Lithuania: Official entities participate in Belarus human trafficking

Lithuanian Foreign Minister Gabrielius Landsbergis [EPA-EFE/HANNIBAL HANSCHKE]

Official entities, such as airlines and tourist agencies, are involved in organised human trafficking via Belarus and could face sanctions, Lithuania’s foreign minister, Gabrielius Landsbergis, told EURACTIV in an exclusive interview.

Earlier on Monday (12 July), he and the EU’s chief diplomat Joseph Borrell accused Belarus of using illegal migrants as a “political weapon” to put pressure on the EU because of the bloc’s sanctions on Belarus.

“We need to be very strict with the regimes that are using these sorts of weapons, first with sanctions,” Landsbergis said, speaking to EURACTIV on the sidelines of the EU Foreign Affairs Council in Brussels, which he said could include a fifth sanction package or broader sectoral sanctions.

“We’re not seeing actual flows of migrants who are fleeing for their lives and choosing a raft that actually endangers their life, but what we’re seeing is tourist agencies selling tickets to the European border, and not so expensive tickets – this is a very different situation,” Landsbergis said.

Nearly 1,700 migrants have entered Lithuania, an EU state, illegally from Belarus this year, more than 1,000 of them in July alone, according to Lithuania’s border guard service.

Half of them identified themselves as Iraqi citizens, while others came from Congo, Cameroon, Guinea, Iran and Afghanistan.

Over the last six months, Lithuania had been reached by 21 times more illegal migrants than in the whole year 2020, it said.

Asked why he thinks Minsk decided to particularly use migration as revenge for Lithuania’s outspokenness against the Lukashenko regime, Landsbergis said that while that would be “one of the most sensitive issues for Europeans,” he called the situation “unprecedented.”

“The difference between how Lukashenko is using refugees as a weapon and Europe’s previous refugee crisis is that in this case, we have official bodies participating,” Lithuania’s foreign minister warned.

“We have to understand that there are official airlines that transfer people from Baghdad to Istanbul or from Istanbul to Minsk, travel agencies that are registered in several countries, that means that there are possibly official bodies who participate in human trafficking,” he added.

“Participating in human trafficking is illegal everywhere – and if we can trace who’s doing that, and especially if it’s an official body, then it can be put to sanctions,” Landsbergis said, adding that such a step would be still in a consideration phase between foreign ministers.

Both Minsk and Moscow so far have denied any such operations.

Lukashenko said last week his government would not close its borders with its neighbours and become a “holding site” for migrants from the Middle East, Asia and Africa.

He added that such migrants were not wanting to come to Belarus but to “the enlightened, warm and cozy Europe.”

Lithuania began building a 550-km razor-wire barrier on its frontier with Belarus on Friday.
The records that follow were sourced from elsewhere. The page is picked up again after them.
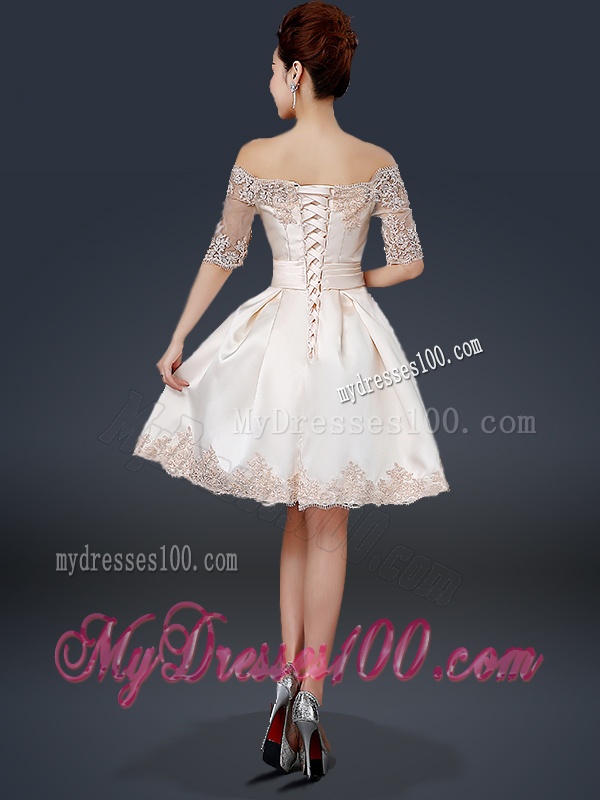 New Arrivals Off the Shoulder Appliques Champagne Short Evening Dresses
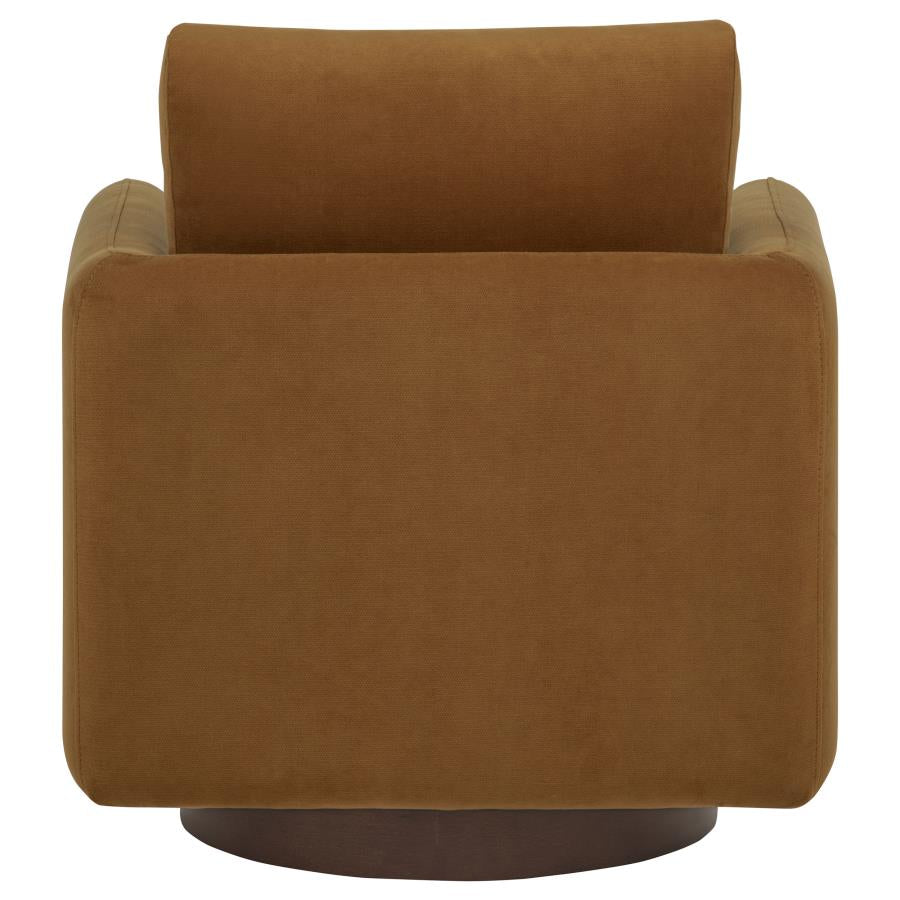 Home & Sleep Outlet - Iris Fabric Upholstered Swivel Accent Chair Rust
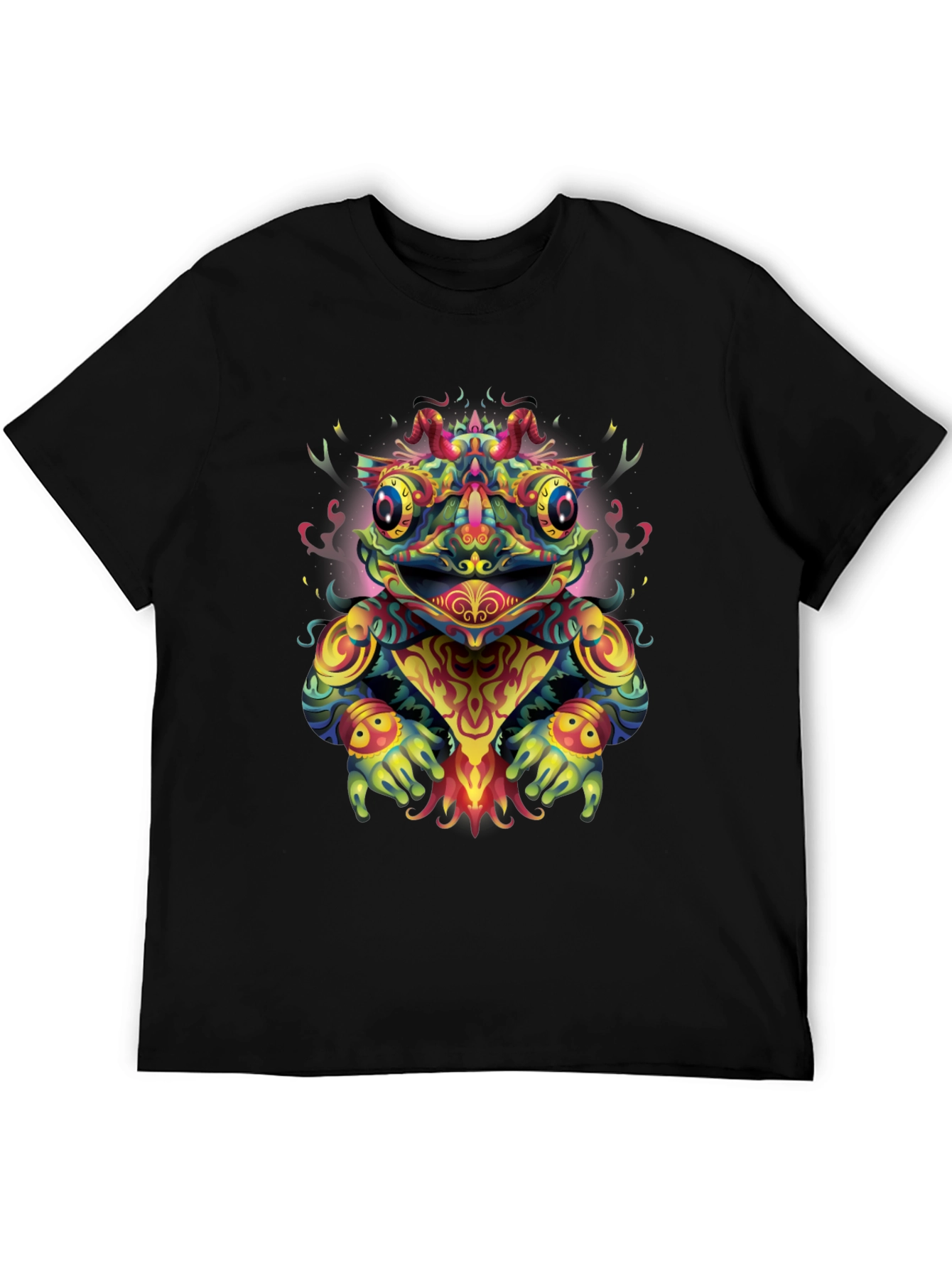 Psychedelic Frog Graphic Tee - Black T-Shirt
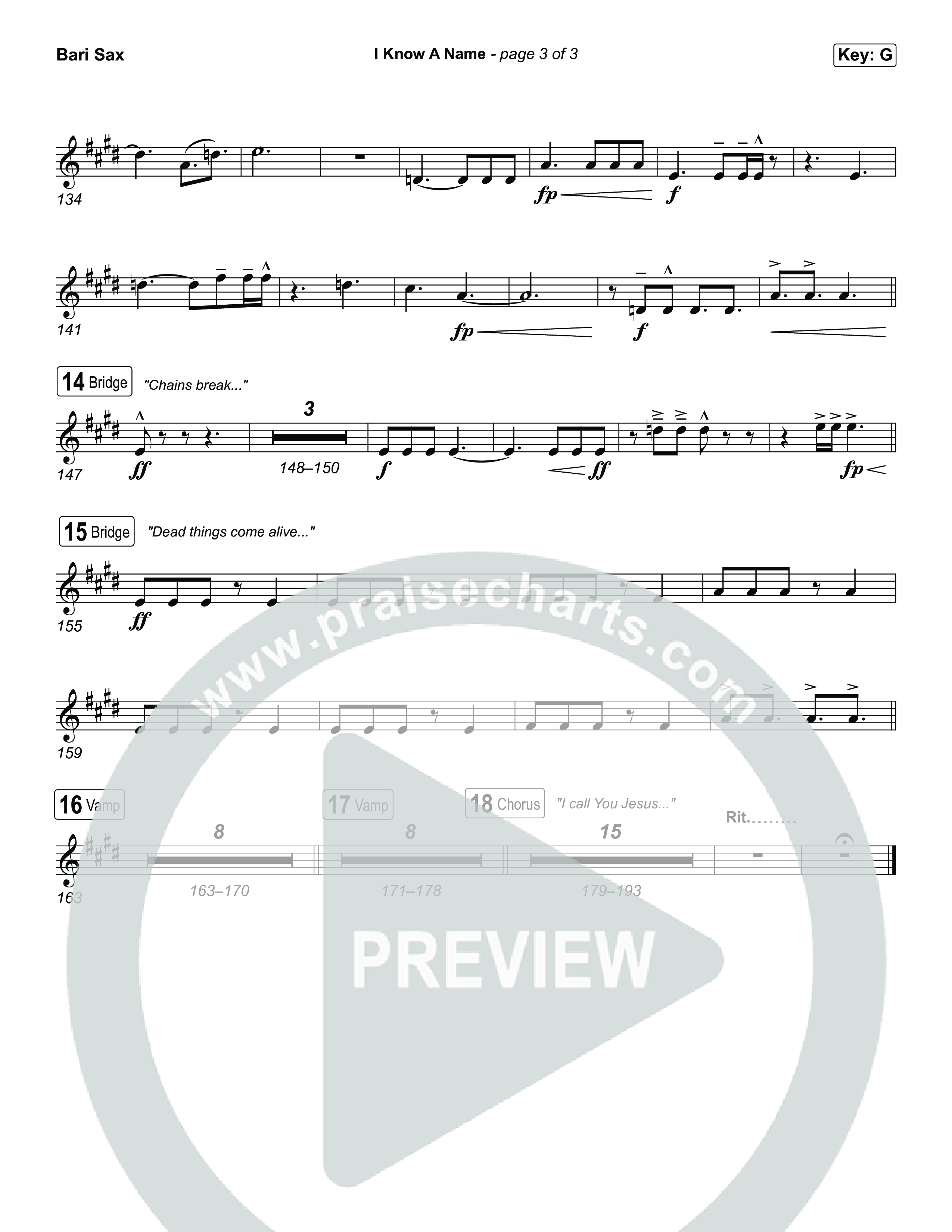 I Know A Name (Worship Choir/SAB) Bari Sax (Elevation Worship / Chris Brown / Brandon Lake / Arr. Luke Gambill)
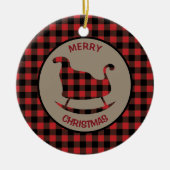 レッドブラックバッファロープレイドスリー&ツリー セラミックオーナメント (正面)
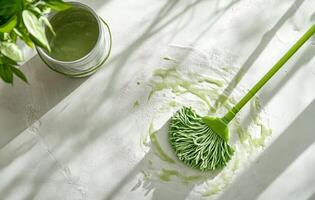Cleaning a living room floor with a mop and bucket during the morning hours on a sunny day photo
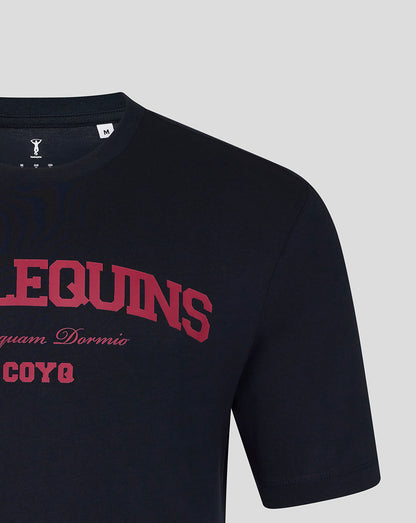 Black t-shirt with red text on a gray background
The EU border guard agency Frontex said on Monday it would send additional officers, patrol cars and experts to talk to migrants that have reached Lithuania to gather information on criminal networks.

“The situation at Lithuania’s border with Belarus remains worrying. I have decided to send a rapid border intervention to Lithuania to strengthen the EU’s external border,” Frontex Executive Director Fabrice Leggeri said in a statement.

Leggeri later also told EU officials and lawmakers that Frontex was preparing to fly migrants out of Lithuania with a mix of commercial and charter flights for those not granted refugee status by Vilnius.

Landsbergis said that involvement of the European Commission and Frontex is needed not only in the protection of the EU’s external border, but also in the provision of humanitarian aid to migrants and facilitating their return or resettlement.

Asked by EURACTIV whether he fears that Minsk could instrumentalise the Western troops’ withdrawal from Afghanistan for more targeted migration flows, Landsbergis said that as there already have been cases of Afghans crossing illegally the border with Lithuania, “the route is already there”.

“To our knowledge, the route has been facilitated not only by Belarus but possibly also by Russia – this is an increasingly growing worry because we know that since Western troops are leaving Afghanistan, there’s a possibility for the huge migration flows which we are already witnessing in Tajikistan and with Russian facilitation,” Landsbergis said.

“They could reach the European border via Lithuania or even Latvia, Estonia and even Finland and other countries with which Russia has a border,” he added.

“Europe’s message must be short and precise – those illegally entering the EU cannot be granted a refugee status and will be returned to their countries of origin,” Landsbergis said.